PROVIDED DATA →

────────────────────────────────────────

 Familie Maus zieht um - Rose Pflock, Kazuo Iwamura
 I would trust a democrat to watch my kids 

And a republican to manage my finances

────────────────────────────────────────

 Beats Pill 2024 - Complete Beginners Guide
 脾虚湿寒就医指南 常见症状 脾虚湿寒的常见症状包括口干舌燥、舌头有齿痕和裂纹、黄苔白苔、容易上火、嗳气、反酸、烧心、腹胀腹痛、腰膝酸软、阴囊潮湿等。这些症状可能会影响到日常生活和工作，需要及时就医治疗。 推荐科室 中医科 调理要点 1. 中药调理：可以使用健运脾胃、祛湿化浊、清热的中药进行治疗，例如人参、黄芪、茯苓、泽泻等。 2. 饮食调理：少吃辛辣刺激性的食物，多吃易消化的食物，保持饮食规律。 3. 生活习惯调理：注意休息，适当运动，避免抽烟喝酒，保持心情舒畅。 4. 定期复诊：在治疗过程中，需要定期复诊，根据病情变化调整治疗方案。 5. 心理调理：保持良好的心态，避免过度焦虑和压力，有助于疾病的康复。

────────────────────────────────────────

WHAT TO WORK ON → Starting at the line above that contains "I would trust a democrat to watch my kids", repeat each line exactly up to and including the line that contains "And a republican to manage my finances", and stop there.

TASK RESULT →
 I would trust a democrat to watch my kids 

And a republican to manage my finances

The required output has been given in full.